My problem is that I can't simply just follow the program - especially on the food side. Financially I can't afford to just buy all the ingredients - I have to constantly modify the menu - to suit my family, to suit our budget... and that takes time that I don't have right now.  On the exercise side there shouldn't be any excuses but the past week in particular has involved me doing paperwork and planning and all other kinds of stuff until 11 or 12 o'clock at night and then I'm up at 5am to get things prepped for the day and then I don't stop again until 11 o'clock at night. I don't function well on 6 hours sleep (if I'm lucky to not have a restless night) for very long!

I tried to prep myself for this round, have everything out of the way - but it just didn't work out that way. Despite my best efforts. I'm human.

So I have decided I'm not going to try and catch up - I am going to take all the information from this round and apply it during "off season". Last year - I lost a fair bit of weight over the Christmas Break - the days were slower, my other half was around - it meant I could exercise WHENEVER I wanted. Food was easy to organise, TIME was on my side.

12WBT has irrevocably changed me. I can never, ever be the person I was again. I know for certain I will never be 100kg again, I'll never be 90kg again!! Right now I am in mid-80s and I am struggling to bust through that but I will. I just don't know when but the key is I am moving forward (however slowly) and I am NEVER going back!!!! :D

Sunday, September 18, 2011

Today I feel sad

Today I feel sad and overwhelmed.

My life in general overwhelms me. I feel like there is not enough hours in the day to do everything I need to and my exercise and food are both going out the window because I feel like it is the only way I can "cope" with my everday life at the moment.

Kinda sucks. It's not even anything big - I haven't had a close relative die, I haven't broken a leg or gone bankrupt. It's just the normal, every day struggle of living....

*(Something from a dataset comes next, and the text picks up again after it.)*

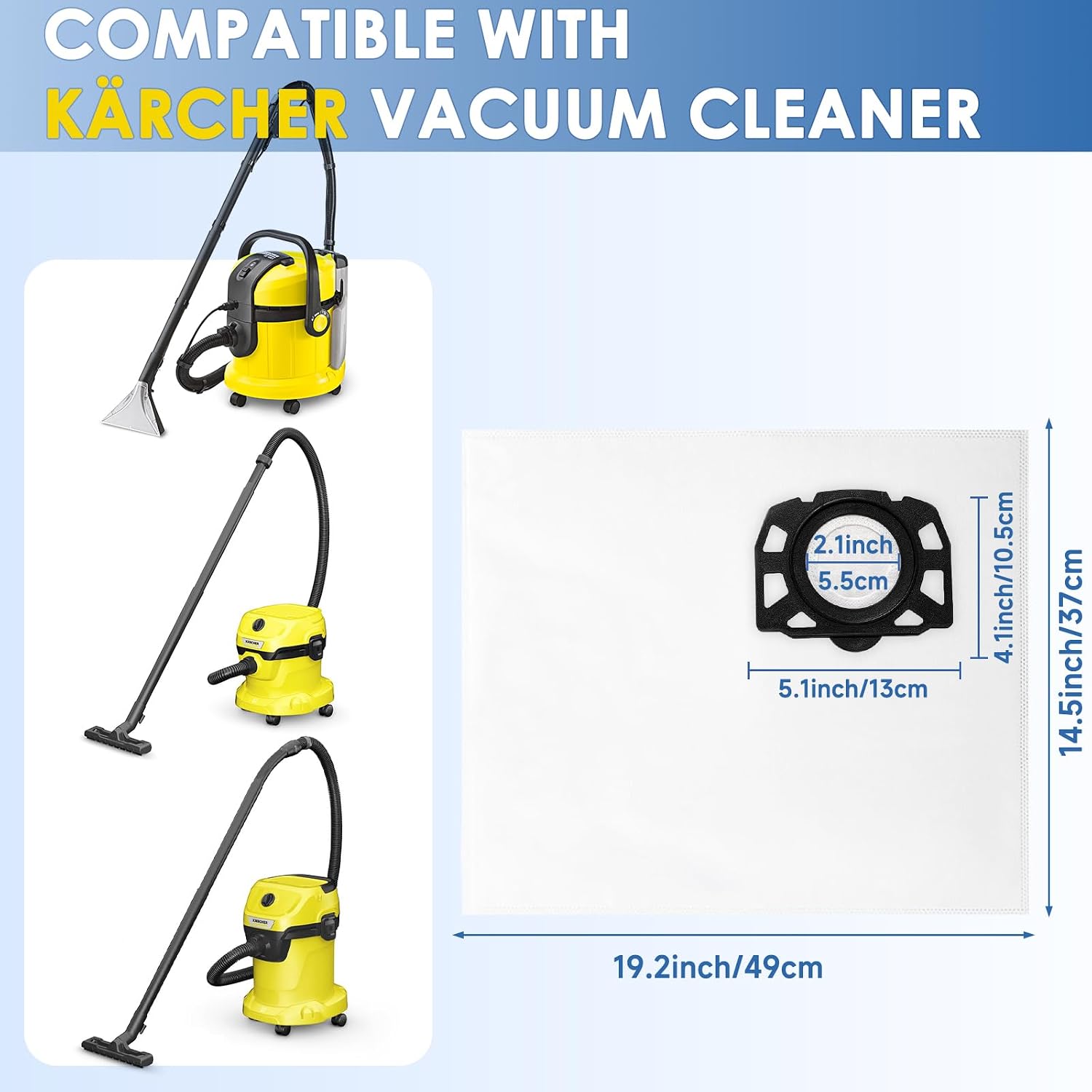 Detalle 2 de Leavans Karcher 357-12 KFI 357 Vacuum Bags, 12 Pack, 3-Stage Filtration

I guess, in some ways, mentally, emotionally, maturity - I'm on the back foot already. I never really realised how ingrained my self-hatred was. I thought I was okay but it keeps popping up it's ugly head. Yelling at me about my incompetence and my inability to cope. I feel pretty certain I've already put that voice in to my 10 yo daughter's head - and I don't know how to change it. I'm just really hoping that her dad kinda balances it out but on the other hand, he can be pretty critical too....

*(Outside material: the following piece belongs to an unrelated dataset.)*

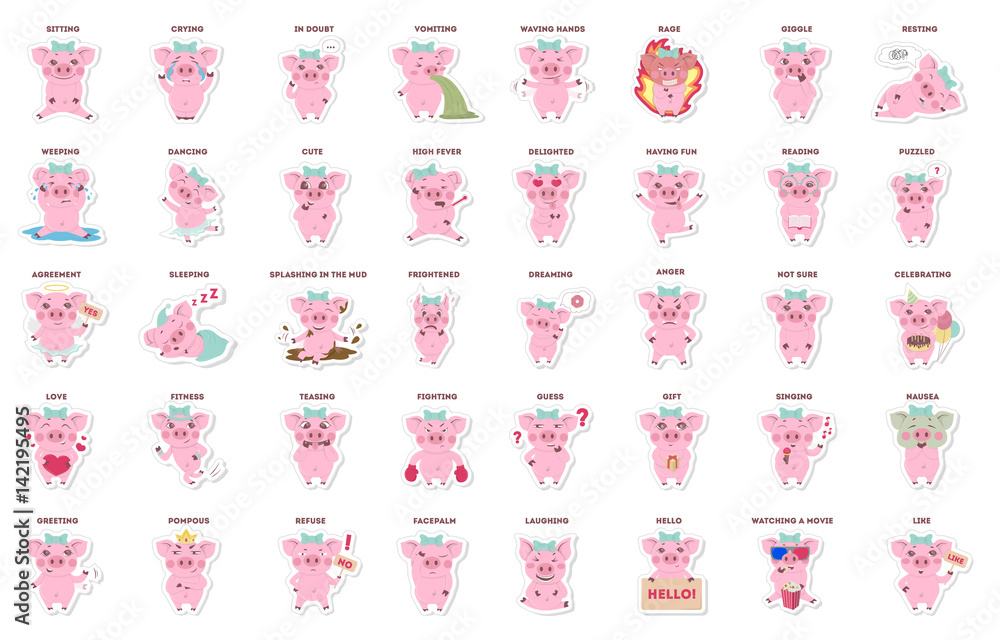 cute pig, stickers collection in different poses, different moods. vector illustration.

I've got to find a way out of this sadness, self-hatred, self-pity, not coping cycle because it is so limiting and it is breaking me down so much. And I desperately, desperately want things to be different for my beautiful girls. I want them to love themselves, to be proud of their achievements, to put themselves first and to be everything that they want to be in life.

I feel it is too late for me. That boat has sailed and I have to make the most of what I have and who I am. It's time to accept that I am stuck here and the consequences of that. Instead I am going to pour my energy in helping my precious girls realise their dreams and get to where they want to be in life.

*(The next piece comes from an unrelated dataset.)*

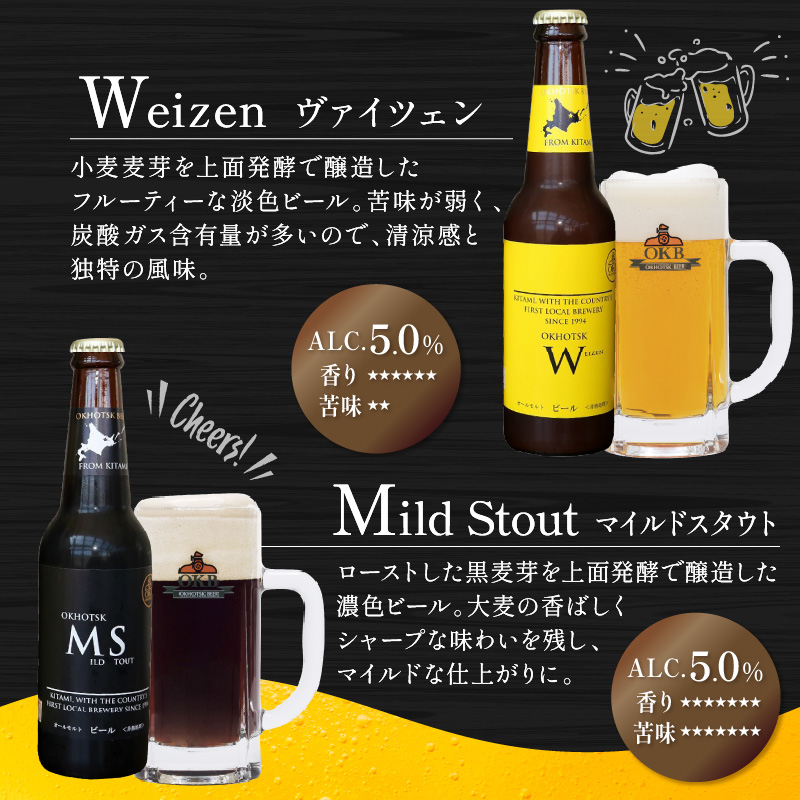 【6ヶ月定期便】オホーツクビール 12本 ( クラフトビール 地ビール 北海道 飲料 アルコール ビール ビア セット 詰め合わせ 麦芽 モルト 麦芽100% 活ビール酵母 ビタミンＢ群 オホーツク )【999-0241】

Wednesday, September 14, 2011

Round 3 Bloggers Challenge! - Week 1

1. Describe yourself in 25 words or less. You can get straight to the point - or bring your creativity into play.



Unpredictable, emotional, a little unhinged, demanding, fun-maker. Being a mother dominates my life at the mo. Outside of mum is a dreamer, writer, reader, lover.

2. What brings you to 12wbt? Getting fitter? Losing weight? (Gaining weight??) Are you first timer, a repeat offender??

I am the penultimate repeat offender. My first round of 12WBT (Rd 2 2010) I lost 1.6 kilos.... I persevered changing a few things at a time and have over various rounds and Christmas/New Year lost 20 kilos to date. I have another 20 to lose and am bringing it home this round!

3. Why do you blog??

It is mostly for my own benefit. Even though I often feel like nobody is reading my blog - it is cathartic for me to just pour it out and it is also a bit of a record keeper for me... I'll be pretty upset if blogger ever dies and I lose it all... (Should I be backing this up??)

4. Who is your biggest inspiration in life and why (doesn't have to be weight loss)
**I need to think about this some more and come back to it*** Too deep right now!

5. What things in life bring you the most joy?
Absolutely 100 percent my children. Motherhood was something I always wanted from a young girl and it has been exhausting, tiring and yet the most fulfilling and joyful thing I've had in my life.

6.What do you think your greatest challenge is going to be this round?
Food - it is always food.

7. What are you most excited about 12wbt?
Reaching my goal weight this round

8. And what scares the pants off you?
The length. I am so scared I'm not going to make the 12 weeks so I am ticking off each day as it comes.

9. Tell me - right now - today - how do you feel about exercise in no more than 10 words
I love finding my limits - physically and mentally.

10. Complete this sentence - in 12 weeks time - on the last day of 12wbt I am going to be feeling ____________________


..... like a rockstar/new woman/ shock and awe at the new me!

Saturday, September 10, 2011

Things I couldn't say a year ago....

"I've lost 20 kilos and kept it off."

"I did an enticer triathlon - hated every minute of the bike ride and came last - but I did it!"

"I run."

"I like to run"

"I worked out with Mish Bridges! :D"

"I'm training to run 32km over a mountain in July next year"

"I expect to be in a healthy weight range by Christmas."


What are some things you couldn't say a year ago? Or even 3 months ago?

Sunday, July 17, 2011

Size 14 is the New Fat........ - Mindset Lesson

A few weeks ago I was feeling really, really good! In the past year I have lost 20 kilos and gotten down to the lowest weight I've been in probably almost 10 years AND I fitted in to a pair of size 14 Jeans..... : D

Celebrations all round right??? Well, yes, for a couple of weeks. I was so thrilled with myself that I became complacent and started allowing myself to not "actually count my calories" and to "take it easy" with the exercise. After all, I was still "recovering" from that "calf injury"..... It is amazing what you can justify when you want to....

And then, when I realised what I was doing - it became, "well, I will eat this today, because starting tomorrow I'm not going to eat this kind of stuff anymore" but the will power was well and truly broken and I have struggled and struggled ever since to even come close to getting things back under control.

Somewhere in the midst of all that carry on, I began to see myself as fat again.... Even though the cms have gone up by one or two - in my head they have shot back out by 10-20cm. Although my weight has only gone up by a couple of kilos - in my head it may as well be the full 20 kilos..... I seriously feel as fat as I did when I was a size 20. I "feel" as unfit as I did 12 months ago (to be honest even 6 months ago when I bailed out of the Michelle Bridge's workout in Dec 2010).

So somehow in my head, Size 14 has become "just as fat" as Size 20..... You would think that would spur me on to drop another dress size but..... this is what I thought I would get to... Even if I lost the other 20 kilos I wanted to lose, I can't even begin to fathom being a Size 12 or a Size 10. It truly is beyond my comprehension... I can't even believe I am "this skinny" - there is no way I could achieve an even smaller size - so it would seem my subconscious is proving me right.

It is allowing me to sit here - right within my expectations and now, I have to work out how to move beyond that. How to re-set my expectation or set up that new belief....

It is blowing my mind at the moment! I honestly can't get my head around it - but I hope I can soon - otherwise I fear I may start heading back towards that woman I don't want to be.